Written by Steve Mosco, email@example.com Thursday, 11 July 2013 00:00
Social change rarely comes out of an elected politician’s office without a little prodding from the wide end of a protestor’s megaphone.
Gentle prodding is the standard operating procedure of the Long Island Progressive Coalition, a grassroots community organization in Massapequa. Born on the eve of the Reagan administration in 1979, the coalition, a collection of citizen activists, seeks to be a voice of opposition to social and environmental injustice.
“Our hope, the progressive hope, is to find and endorse candidates, no matter the party, who have democratic justice in their hearts,” said Lisa Tyson, the director of LIPC. “It matters who is elected and that is why we endorse. The ideal politician is someone we never have to call.”
Most elected officials can expect a call from the LIPC on any number of issues including education, affordable housing, government efficiency, energy, sustainable development and fair elections, the latter of which Tyson said involves flushing the influence of special interest lobbyists from the decision-making process in government.
Tyson said the LIPC works to inform and involve citizens to elect strong-willed politicians who will not bend easily to influence.
“Elections are the one day every two to four years that elected officials need something from the community,” she said. “We beg them to vote for legislation we need, but Election Day is the one day we have the power over them and they need us.”

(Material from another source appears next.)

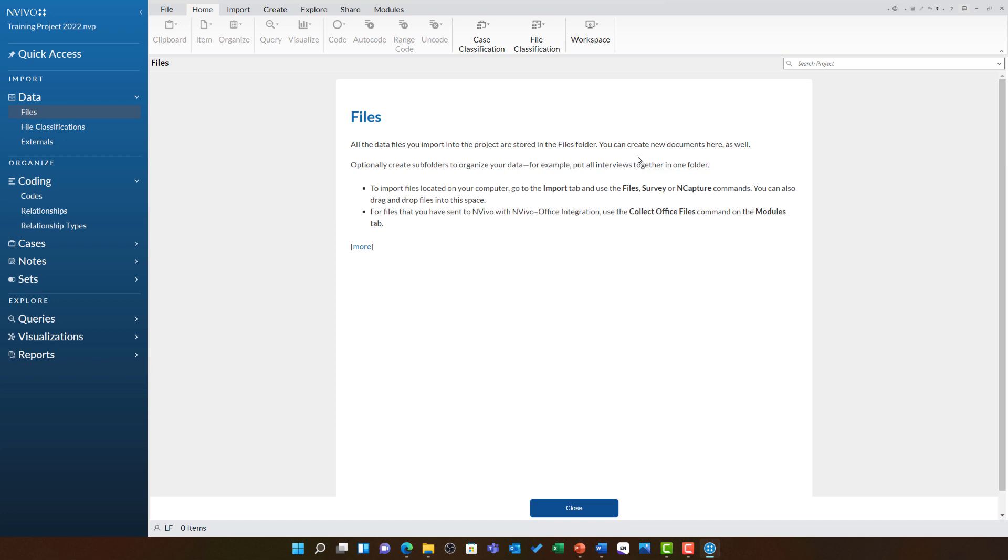Your NVivo projects will be precious to you. They contain all of your research data and your analysis. You should save this file regularly and back it up regularly. I advise including the day's date in the file name when you are keeping multiple copies as this will always ensure that you know which is the latest and the most up to date.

The LIPC is stationed on Pennsylvania Avenue in a house donated to the organization in 1994 by longtime Massapequa activist Katharine Smith. Smith, an early supporter of civil rights in the 1960s and champion of numerous social movements, was active until her death in 1997 at the age of 104.
One of the Coalition’s recent rallies surely would have made the spry Smith proud. Early in June, the LIPC led a rally in front of Senator Dean Skelos’ office in Rockville Center. The goal was to prod the Senate into voting on the Women’s Equality Act as one piece of legislation, rather than 10 separate pieces.
“Having separate pieces allows them to single out reproductive rights and vote against it,” said Tyson, adding that the bill never passed because the senate did not vote on the reproductive part of the legislation. “A vote against reproductive rights takes us backwards. And we can’t survive if we’re going backwards.”
Tyson would like to see Long Island, and New York State at large, continue to move forward in all social aspects, including who is voted into office.
“We need more women and more people of color in office,” she said. “We need to change the status quo of governing because the status quo is not working.”
Tyson said the LIPC welcomes volunteers and concerned citizens who wish to learn more about what they can do.
“We’ve come a long way but we could be doing a lot better,” she said. “We might get kicked, we might lose, but we are always going to come back, change our strategy if we have to, and keep going.”